The shaft 19 of the auger 20 extends from a first end 19A (FIGS. 3-5) that is held by a first bearing 21 (FIGS. 3 and 5), through the hopper 15 (FIG. 2), through the hole 18 (FIG. 2), and through a 4-inch diameter tube 22 (FIGS. 1 and 2), to a second end 19B (FIGS. 1 and 4) that is held by a second bearing 23 on the frame 11 (FIG. 1). For that purpose, a hole is also cut in the U-shaped component 16 of the hopper 15 where the first bearing 21 is located, opposite the hole 18.

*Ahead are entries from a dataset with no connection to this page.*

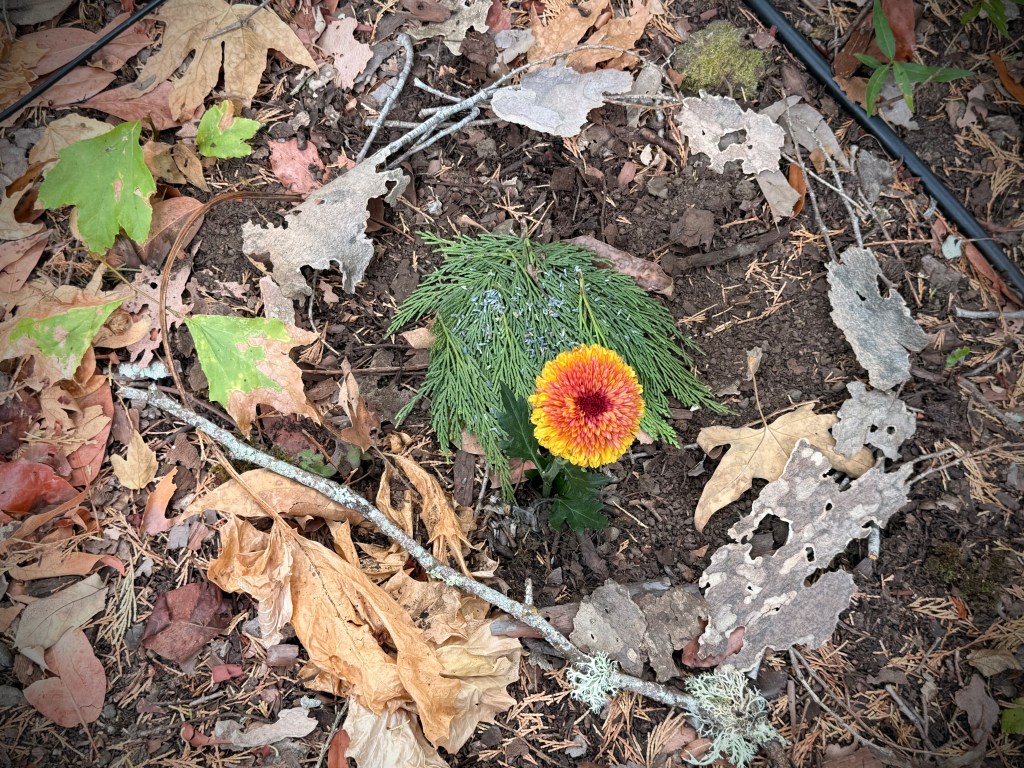 An Encounter with a Little Bird: A Message from the Spirit of the&nbsp;Land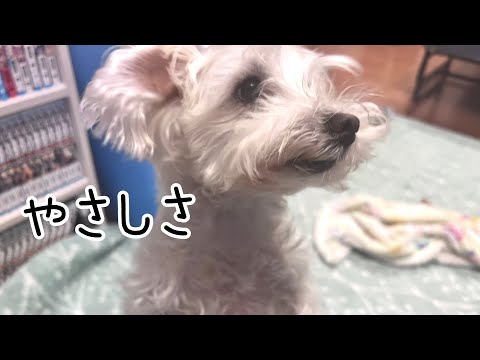 ミニシュナが甘えん坊を我慢した結果｜元保護犬・元繁殖犬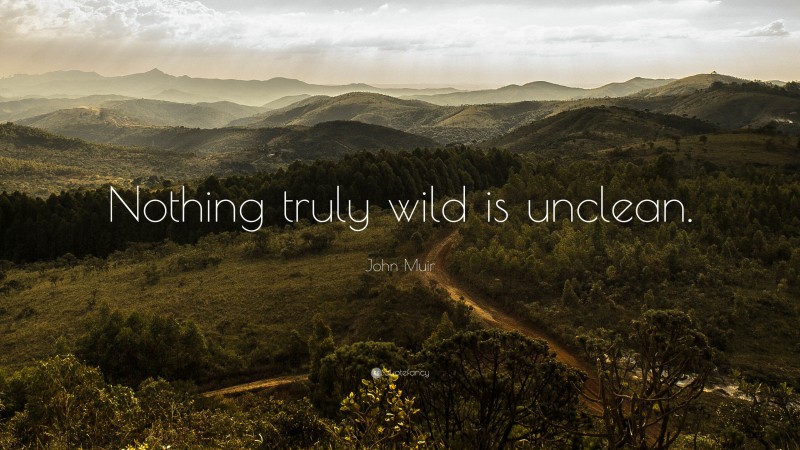 John Muir Quote: “Nothing truly wild is unclean.”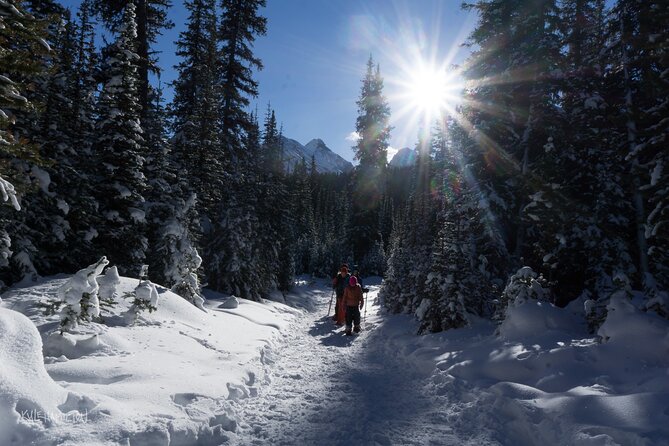 Snowshoeing in Kananaskis - Cancellation and booking details to weigh
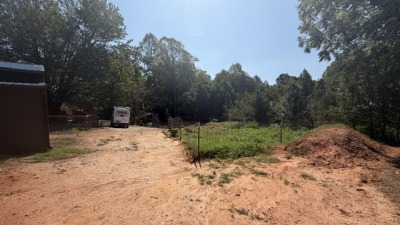 another small fenced garden area.  it's overgrown, but there are roughly 20 watermelons growing in there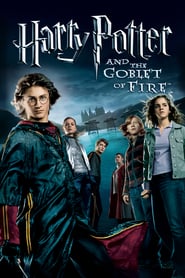 Harry Potter and the Goblet of Fire 2005 Multi TRUEFRENCH 2160p UHD BluRay X265 DTS HDMA DTS X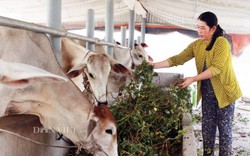 Kiên Giang: Phất lên nhờ nuôi những con bò béo, trồng cà na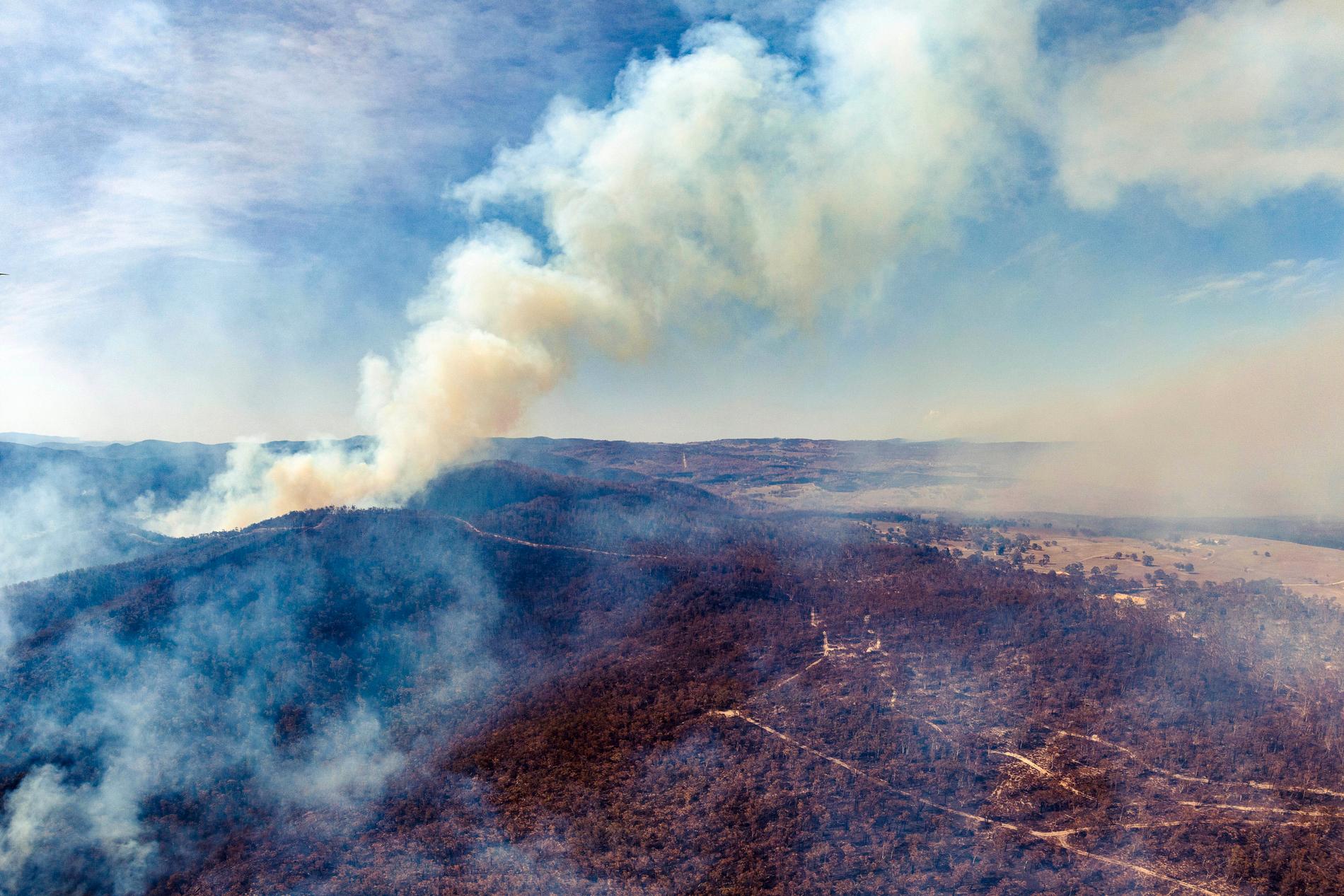 Skogsbränder i Australien tros ligga bakom.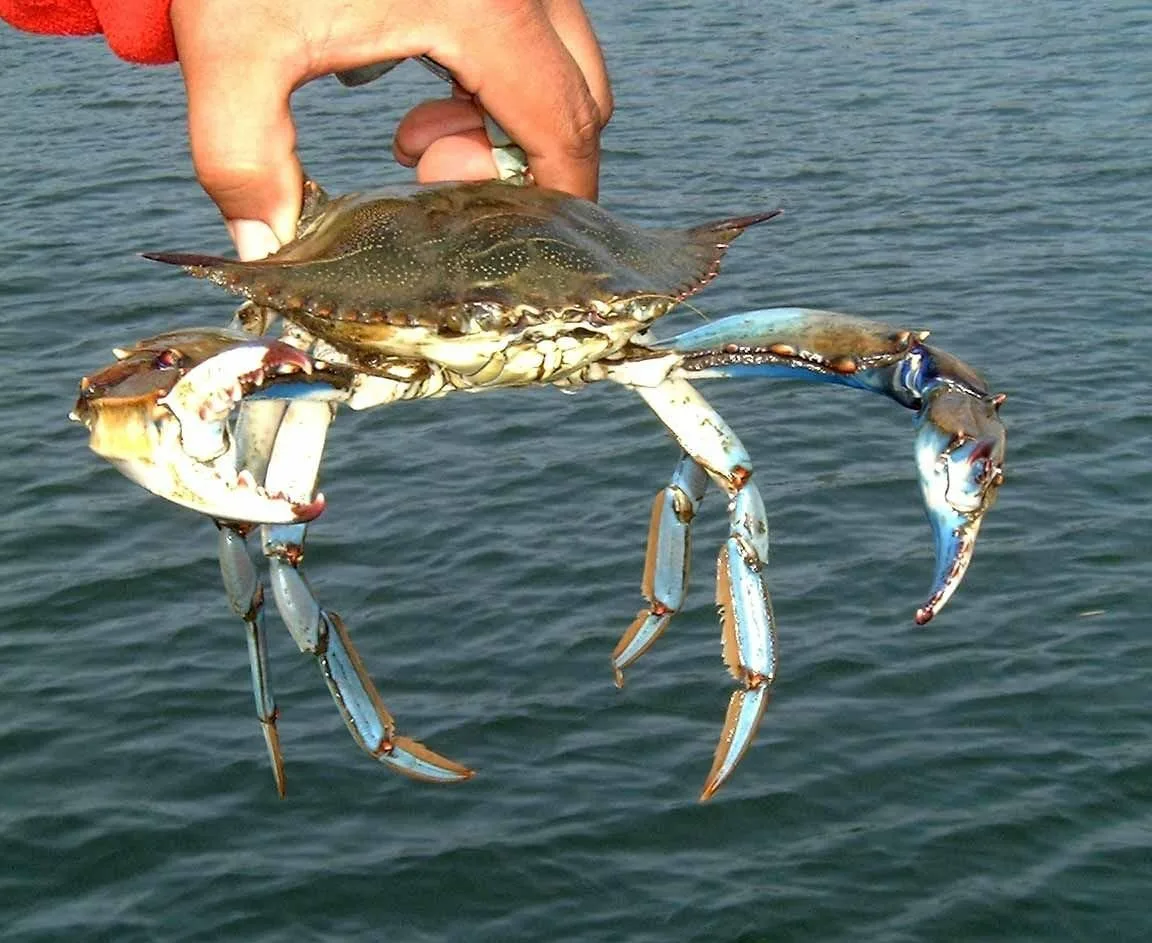 Экскурсия на озеро Кёйджегиз из Мармариса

The tube 22 includes a first end portion 24 in communication with the interior of the hopper 15 through the hole 18 (FIGS. 1 and 3) so that rotation of the auger 19 will feed powdered sack material from the hopper 15 into the tube 22. For that purpose, the first end portion 24 of the tube 22 may take any of various suitable forms within the capabilities of one of ordinary skill in the art. The illustrated first end portion 24 includes a 4-inch by 4-inch by 1-inch plastic T-coupling of the type commercially available for use with plastic irrigation pipe. One 4-inch side connects by suitable means to the hopper 15 so that the first end portion 24 of the tube 22 is in communication with the hopper 15 through the hole 18.
One way to connect the T-coupling (i.e., the first end portion 24 of the tube 22) to the hopper 15, for example, is to first weld a 3-inch piece of 2-inch diameter pipe to a plate and bolt the plate on the exterior of the hopper 15 so that the 3-inch piece of pipe is inline with the hole 18. Next, glue or otherwise connect the 2-inch side of a plastic 4-inch to 2-inch reducer to the 3-inch piece of pipe, and then connect the T-coupling to the 4-inch side. Sliding the T-coupling onto the 4-inch side in a friction fit facilitates later removal for cleaning and repair. Those precise details of construction are not illustrated, and any of various other arrangements within the capabilities of one of ordinary skill in the art may be employed.
The other 4-inch side of the T-coupling connects to a 4-foot section of plastic irrigation pipe (e.g., with plastic pipe glue). The 4-foot section forms an intermediate portion 25 of the tube 22 (FIGS. 1 and 3) as well as a second end portion 26 (FIG. 3), and the second end portion is bolted, strapped, or otherwise suitably anchored to the frame 11. With the tube 22 so constructed, connected, and anchored, the auger 20 can be added or removed for repair purposes through second end portion 26 of the tube 22.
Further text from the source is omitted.